:: EXERCISE OBJECTIVE ::
A verbatim transcript of the data that follows, free of images, is the expected result.

BEGIN SOURCE DATA

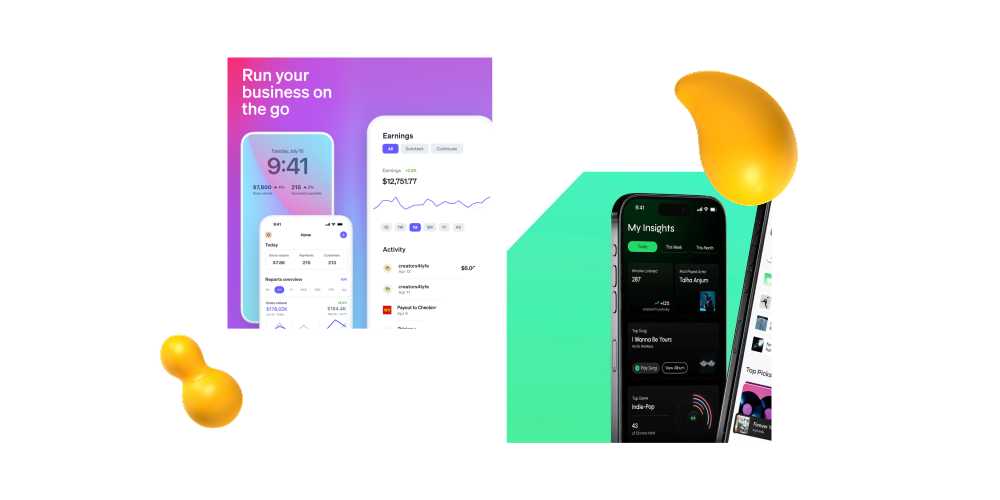 Comparison of Spotify’s dynamic, high-energy interface design and Stripe’s structured, minimal layout highlighting contrasting brand personalities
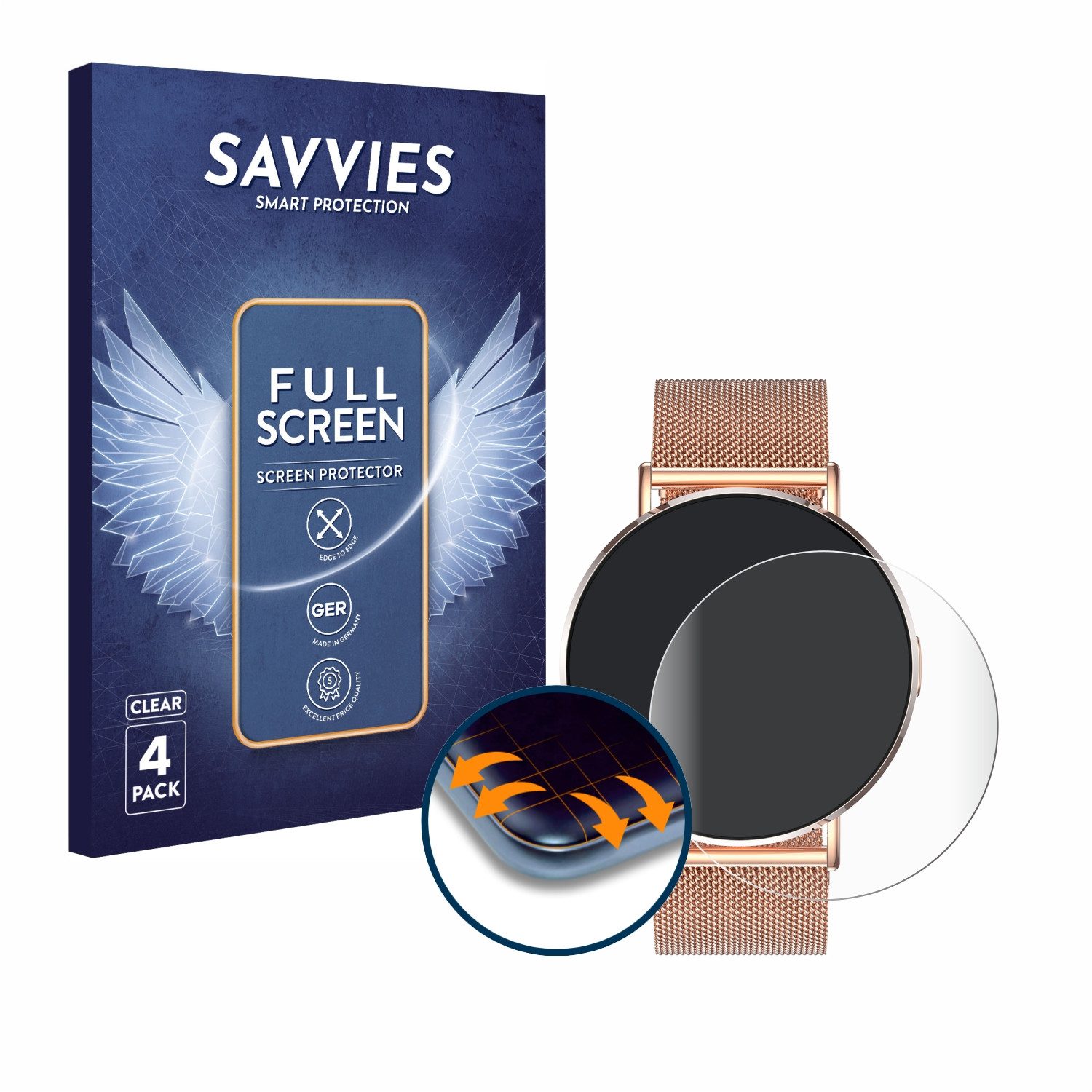Savvies Displayschutzfolie Fullscreen Schutzfolie für Levowatch Eve 1.3", 4 Stück, Displayschutz Folie Fullcover Klar Transparent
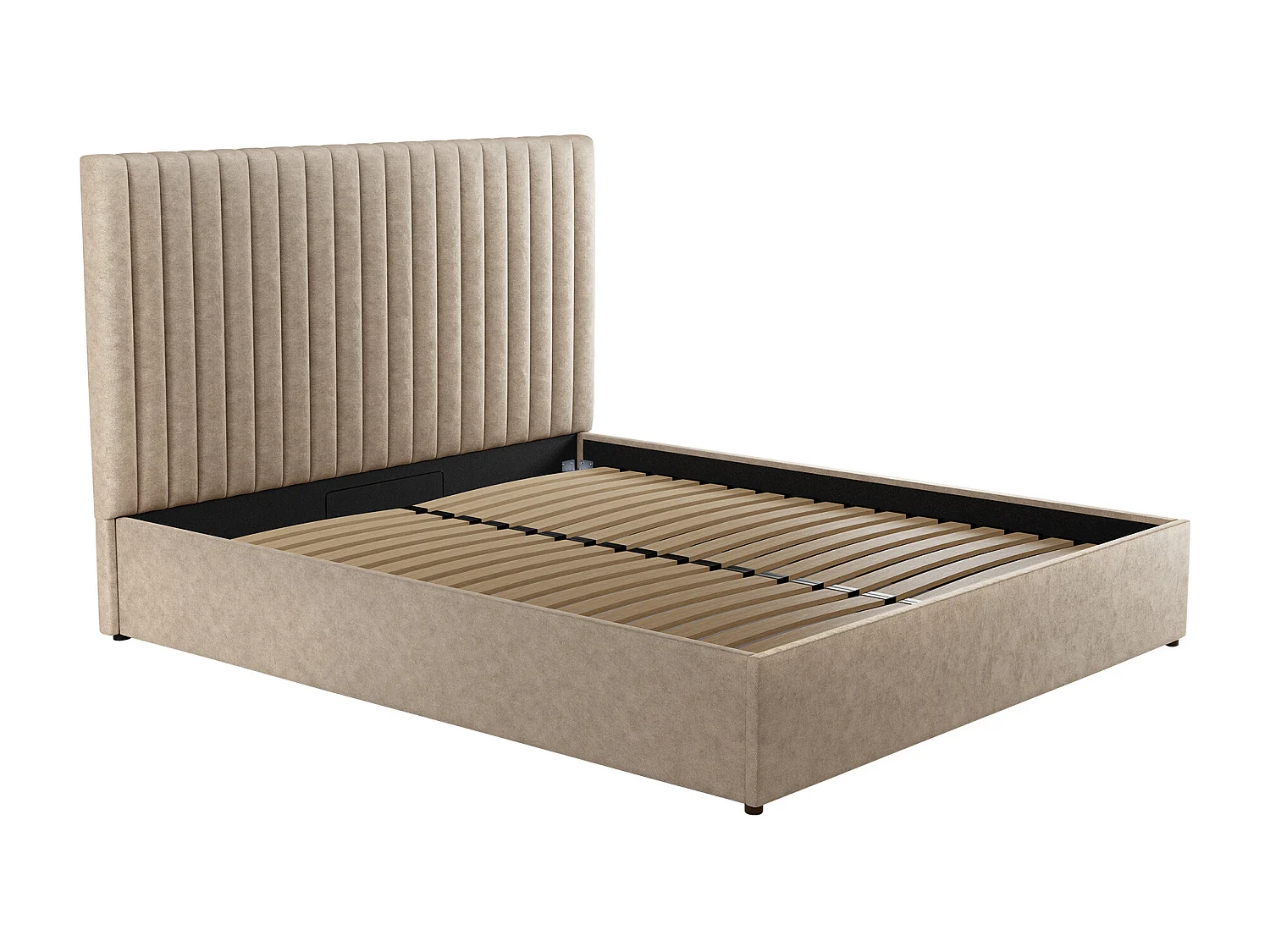 Canapé abatible y cabecero - 180 x 200 cm - Tela - Beige - SARAH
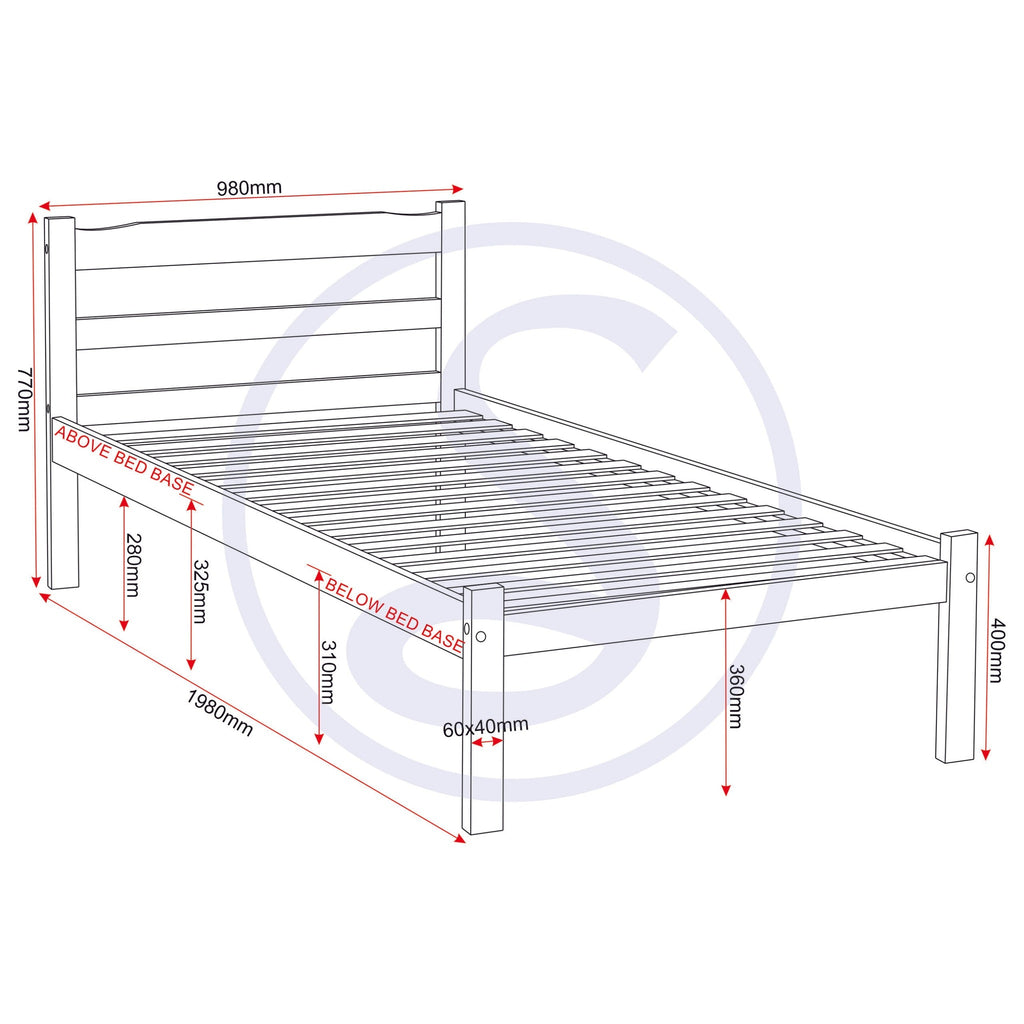Panama 3' Bed - Natural Wax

END SOURCE DATA

:: EXPECTED OUTPUT ::
 Comparison of Spotify’s dynamic, high-energy interface design and Stripe’s structured, minimal layout highlighting contrasting brand personalities
Savvies Displayschutzfolie Fullscreen Schutzfolie für Levowatch Eve 1.3", 4 Stück, Displayschutz Folie Fullcover Klar Transparent
 Canapé abatible y cabecero - 180 x 200 cm - Tela - Beige - SARAH
Panama 3' Bed - Natural Wax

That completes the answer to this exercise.